# OBS doesn't record desktop audio from headphones



## Rojinx123 (Sep 6, 2021)

As it says in the title, my OBS doesn't record desktop audio exclusively from headphones, when i instead use my desktop speakers it works fine if i go back and adjust audio settings so that the desktop audio is using the right audio device(in this case it would be my speakers). I'm using manjaro - an archlinux derivative. I've tried setting desktop audio to default instead of specifying my headphones too but that doesn't work either. 

Thanks in advance,
Kyrillos


----------



## devguy (Sep 6, 2021)

Disable all the audio from your setting under: Settings ->Audio -> "Global Audio Devices", click OK. Next  for your Scense, add a "Audio Input Capture" source and see if you can get your headset mic added and working this way.

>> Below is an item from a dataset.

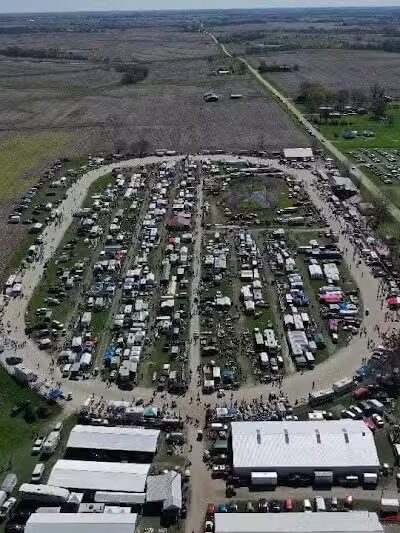 What Cheer Flea Market - What Cheer, IA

You may need to exit OBS after and re-start it, sometimes I will experience OBS not detecting my usb mic and I have to do this.


----------



## Rojinx123 (Sep 7, 2021)

Ah sorry i probably didnt explain myself too well. My issue is that OBS isn't picking up desktop audio through my headphones, it is able to pick up my mic. For some reason, OBS can also pickup the desktop audio off my speakers - it doesn't work only with my headphone audio. I've tested OBS on windows 10 and it picks up my headphone audio, so the problem shouldnt be my headset either.


----------



## devguy (Oct 2, 2021)

You need to add a source to your scene, "Audio output source" this will record your audio from your desktop, then select a device.


----------